Fifteen minutes with his wife in the visiting room of the county jail brought about the confession that a team of state troopers had been unable to elicit from Paul Petrucci. Now he sat talking to Frank and Meyerson, his handsome face at once dejected, relieved, and defiant.
“All right, let’s go over this from the top,” Frank said. “You say Dawn approached you about being her paid inside informant. And since you disapproved of Payne’s educational methods and needed the cash, the opportunity was too good to pass up.”
“Yes. She called me out of the blue in September. I hadn’t heard from her since we graduated from college.”
Frank and Lew exchanged glances. “So she was on the trail of this story before anything suspicious happened at the academy?”
“She said she wanted to do an investigative report on abuses at tough-love schools, and she needed inside information. She said she’d be getting information from other schools like this, as well.”
“And paying for it?”
Paul shrugged uneasily. “I know it’s unorthodox. Dawn says the Beat is trying to upgrade its journalistic image by doing more serious pieces. That’s why she came to work for them. She knew this could be a hot story, but she hasn’t established all the sources she needs, so ...” Paul’s voice trailed off. He knew his justification for taking the money was feeble at best.
“You got the money as cash payments. Are you sure it was coming from the Beat?” Frank asked.
Paul looked puzzled. “Well, yeah—where else could it be coming from?”
“Payne claims his ex-partner Glen Costello is out to ruin him. Couldn’t the money for your information be coming from him?”
Paul grew very still. Frank watched as a tiny muscle near his right eye jumped. It was the reaction of a highly intelligent man who realizes he’s been hoodwinked.
“The lawyers—” Paul’s voice emerged as a croak. He cleared his throat and tried again. "The lawyers said they were the legal team from the Beat and they could get me off if I just kept my mouth shut about the payments.”
“I’ve talked to Dawn’s editor,” Frank said. “He’s never heard of the lawyers who were representing you. He also hasn't heard from Dawn in two days. He says that surprised him because she’s been so hot on this story, she’s even been covering some of her own expenses. Apparently she sees it as the story that’s going to make her journalistic career.”

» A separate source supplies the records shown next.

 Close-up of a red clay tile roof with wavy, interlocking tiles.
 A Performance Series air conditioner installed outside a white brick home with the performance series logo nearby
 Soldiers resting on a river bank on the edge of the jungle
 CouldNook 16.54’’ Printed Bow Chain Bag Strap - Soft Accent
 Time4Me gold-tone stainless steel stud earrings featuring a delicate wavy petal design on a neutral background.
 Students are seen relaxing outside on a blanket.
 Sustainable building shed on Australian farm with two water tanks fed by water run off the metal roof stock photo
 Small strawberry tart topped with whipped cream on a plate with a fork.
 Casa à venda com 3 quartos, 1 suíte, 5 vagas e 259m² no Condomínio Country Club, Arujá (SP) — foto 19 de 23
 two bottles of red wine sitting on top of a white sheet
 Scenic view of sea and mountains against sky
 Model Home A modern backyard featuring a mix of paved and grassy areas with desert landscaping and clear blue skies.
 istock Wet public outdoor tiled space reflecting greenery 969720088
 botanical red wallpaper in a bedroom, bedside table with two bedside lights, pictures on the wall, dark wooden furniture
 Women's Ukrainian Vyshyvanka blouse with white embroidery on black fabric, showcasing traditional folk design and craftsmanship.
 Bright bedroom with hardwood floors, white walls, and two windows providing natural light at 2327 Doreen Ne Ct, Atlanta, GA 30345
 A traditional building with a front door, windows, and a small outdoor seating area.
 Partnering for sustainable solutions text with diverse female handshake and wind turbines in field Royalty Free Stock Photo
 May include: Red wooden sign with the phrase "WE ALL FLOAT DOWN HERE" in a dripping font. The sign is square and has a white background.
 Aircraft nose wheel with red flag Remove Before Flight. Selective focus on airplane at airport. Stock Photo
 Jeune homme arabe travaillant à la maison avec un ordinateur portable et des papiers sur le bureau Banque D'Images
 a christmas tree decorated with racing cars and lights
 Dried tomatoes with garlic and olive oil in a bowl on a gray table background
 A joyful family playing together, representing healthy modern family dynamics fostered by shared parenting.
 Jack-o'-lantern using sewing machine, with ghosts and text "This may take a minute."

Paul pulled himself together for one last offensive. “Of course he would say that—he’s not going to admit he’s been paying for a story.”
“Maybe, maybe not. We’ll keep pursuing that line. Right now I need to know one more thing from you. Dawn Klotz wrote her first story about the possibility that Jake Reiger’s death was not accidental at a time when no one knew about the bacon grease on the sleeping bag except the state police, me, the DEC, and Payne. How did she get that information?”
“I told her,” Paul admitted.
“And how did you know?”
Paul paused to think. “We were all sitting around talking about it in the staff lounge the day after the attack. Steve, Oliver, Randy, Lorrie, Ray—I think that’s all.” Frank leaned forward. “Who brought it up? Who mentioned the bacon grease first?”